La carte de charité de Cîteaux charge le père immédiat de faire la visite de ses filiations. Ce droit, cette obligation, revenaient à l'abbé de la Val-Sainte. Mais plusieurs causes, l'éloignement, la dépense, la difficulté des communications, ne permettaient pas des visites annuelles. Pour y suppléer, dom Augustin établit qu'il se ferait chaque année, dans toute la réforme, une visite par lettres. Au temps de Pâques, chaque religieux de chaque maison écrirait au père immédiat pour lui faire connaître les besoins de son âme, les besoins de ses frères, l'état de la communauté, les abus introduits, les moyens d'y remédier le supérieur de chaque maison écrira de son côté avec la même franchise et le même abandon ; et le père immédiat, après avoir pris le temps de lire, de comparer, de consulter, adressera à chaque communauté une réponse qui réglera les points en question, et qui aura toute la force d'une carte de visite. On choisissait le temps de Pâques de préférence à tout autre, parce que c'est par excellence le temps de la ferveur. Après les exercices d'une neuvaine pour la régularité, d'une retraite, du carême, chacun devait avoir plus de vigilance, plus de zèle pour le bien commun et pour son propre salut ; plus d'empressement à chercher les moyens de persévérance, à recevoir les conseils et même les réprimandes. C'était aussi le temps le plus favorable aux voyages ; et s'il arrivait que l'état d'un monastère exigeât la présence du père immédiat, il lui serait plus facile de se déplacer au commencement de l'été que dans toute autre saison.

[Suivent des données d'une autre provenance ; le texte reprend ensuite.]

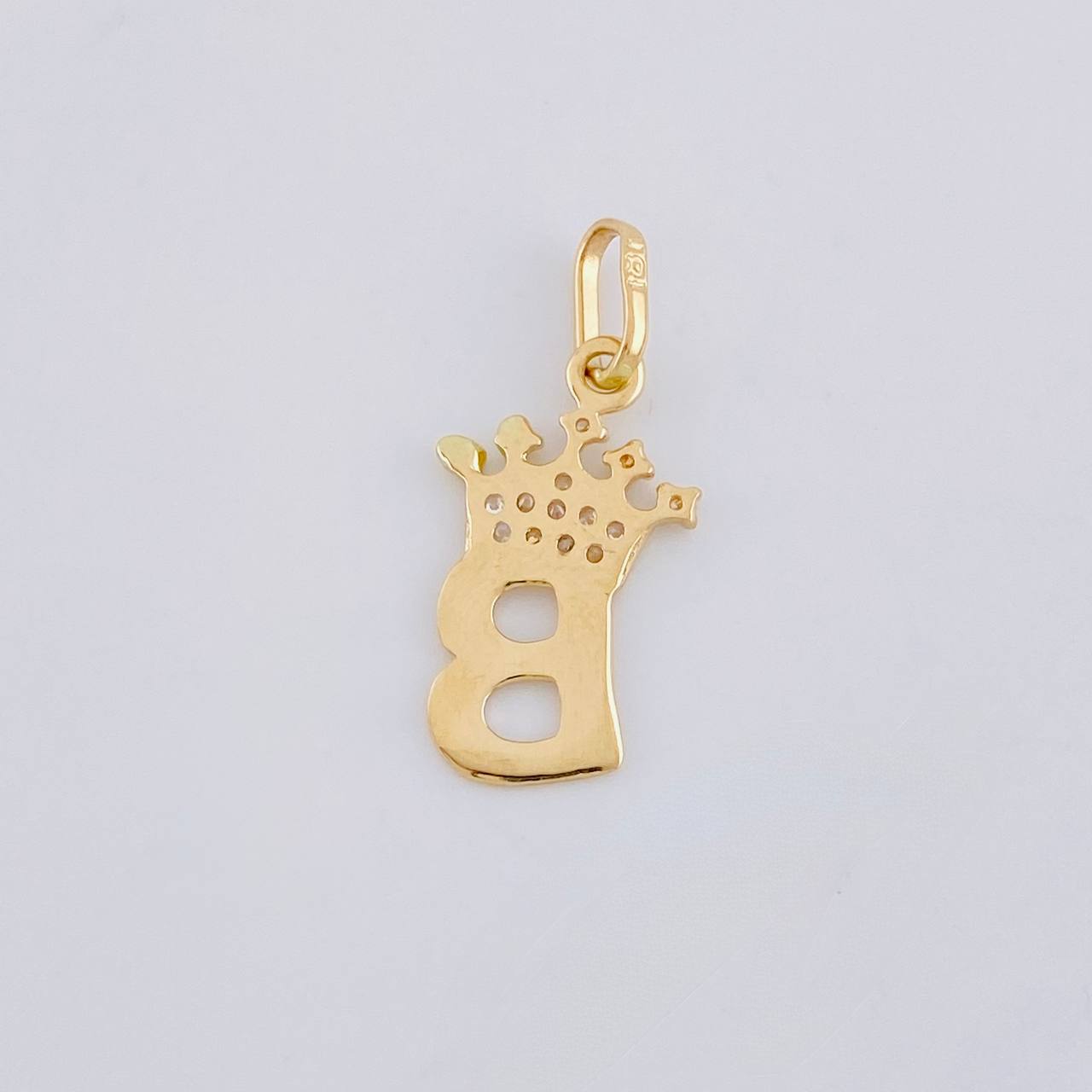 Dije Letra B Corona 0.85g / 2.2cm Oro Amarillo 18K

Saint Basile, dans ses Ascétiques, recommande aux supérieurs des différents monastères de s'assembler à certaines époques, pour régler entre eux ce qui regarde le bien commun, pour exposer les rencontres difficiles où ils ont pu se trouver et la conduite qu'ils y ont tenue ; par là les fautes sont corrigées et prévenues pour l'avenir, et l'œuvre de Dieu s'appuie sur de plus solides fondements. La lecture de ces paroles avait autrefois inspiré à saint Étienne la première pensée du chapitre général de Cîteaux. Ce souvenir ne fut pas perdu pour dom Augustin, cet intrépide imitateur des coutumes antiques ; mais les mêmes raisons qui s'opposaient aux visites annuelles, s'opposaient à la convocation (l'un chapitre. On y substitua une correspondance annuelle, dont l'utilité ne saurait être contestée : Les supérieurs particuliers s'écriront mutuellement une fois chaque année, après qu'ils auront fini la neuvaine pour la régularité. Ils se feront part les uns aux autres de leurs succès et de leurs traverses, de leurs consolations et de leurs peines, de ce que l'expérience aura pu leur apprendre dans la conduite de leurs religieux et de leurs monastères, et d'autres choses semblables. Ainsi se maintiendra, par l'uniformité de gouvernement l'union fondée par l'uniformité des pratiques, et le même esprit dirigera pat toute la terre les disciples de la même règle et les enfants de la même famille.

 

 

 



[1] Nibil quod eos gravet, nibil quod eorum substantiam minuat erga eos agere disposuimus.

[2] Curam tamen animarum illorum, gratia caritatis, retinere  volumus, ut si quando a proposito et observantia sancta regulæ, quod absit, declinare tentaverint, per nostram sollicitudinem ad rectitudinem viæ redire possint.

[3] Nunc ergo volumus illisque præcipimus, ut regulam beati Benedicti per omnia observent sicut in novo monasterio observatur.

[4] Non alium inducant sensum in lectionem sanctæ regulæ ; sed sicut antecessores nostri Sancti Patres, monachi videlicet novi monasterii, intellexerunt et tenuerunt, et nos hodie intelligimus et tenemus, ita et isti intelligant et tencant.